2°) de mettre à la charge de l'Etat la somme de 5 000 euros au titre de l'article L. 761-1 du code de justice administrative.

Vu les autres pièces du dossier ;

Vu :

- la Constitution, notamment son Préambule et son article 61-1 ;

- l'ordonnance n° 58-1067 du 7 novembre 1958 ;

- le code des assurances ;

- le code de la mutualité ;

- le code de la sécurité sociale ;

- la loi n° 2014-344 du 17 mars 2014 ;

- le code de justice administrative ;

Après avoir entendu en séance publique :

- le rapport de Mme Agnès Pic, maître des requêtes en service extraordinaire,

- les conclusions de Mme Marie Sirinelli, rapporteure publique ;

Considérant ce qui suit :

1. En vertu des articles L. 113-15-2 du code des assurances, L. 932-12-1 et L. 932-21-2 du code de la sécurité sociale et L. 221-10-2 du code de la mutualité, dans leur rédaction issue de la loi du 14 juillet 2019 relative au droit de résiliation sans frais de contrats de complémentaires santé, pour les contrats et règlements d'assurance couvrant les personnes physiques en dehors de leurs activités professionnelles et relevant des branches ou des catégories de contrats définies par décret en Conseil d'Etat ou, s'agissant des mutuelles ou unions, pour les règlements ou contrats relevant des branches ou des catégories de contrats définies par décret en Conseil d'Etat, la faculté pour l'assuré, adhérent, participant ou souscripteur de résilier la convention ou dénoncer son adhésion ou son affiliation lui est désormais ouverte à tout moment après l'expiration d'un délai d'un an à compter de la première souscription, sans frais ni pénalités, la dénonciation ou la résiliation prenant effet un mois après réception de sa notification.
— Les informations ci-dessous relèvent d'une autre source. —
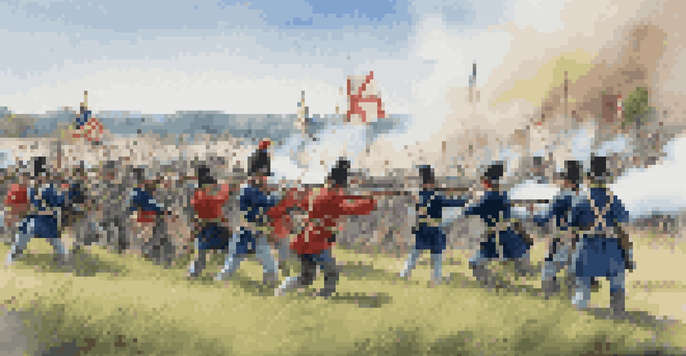 A group of reenactors in Civil War uniforms engaged in a battle reenactment on a green field, with smoke and flags in the background.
2. Pour l'application de ces différentes dispositions législatives issues de la loi du 14 juillet 2019, le décret du 24 novembre 2020 relatif au droit de résiliation sans frais de contrats de complémentaire santé définit les branches et catégories de contrats conclus avec les sociétés d'assurance, les institutions de prévoyance et les mutuelles auxquelles s'applique le droit de résiliation ainsi désormais facilité. La Fédération Diversité Proximité Mutualiste demande au Conseil d'Etat d'annuler ce décret pour excès de pouvoir. A l'appui de sa requête, elle soulève une question prioritaire de constitutionnalité, mettant en cause la conformité aux droits et libertés garantis par la Constitution des articles L. 113-15-2 du code des assurances, L. 932-12-1 et L. 932-21-2 du code de la sécurité sociale et L. 221-10-2 du code de la mutualité, dans leur rédaction issue de la loi du 14 juillet 2019.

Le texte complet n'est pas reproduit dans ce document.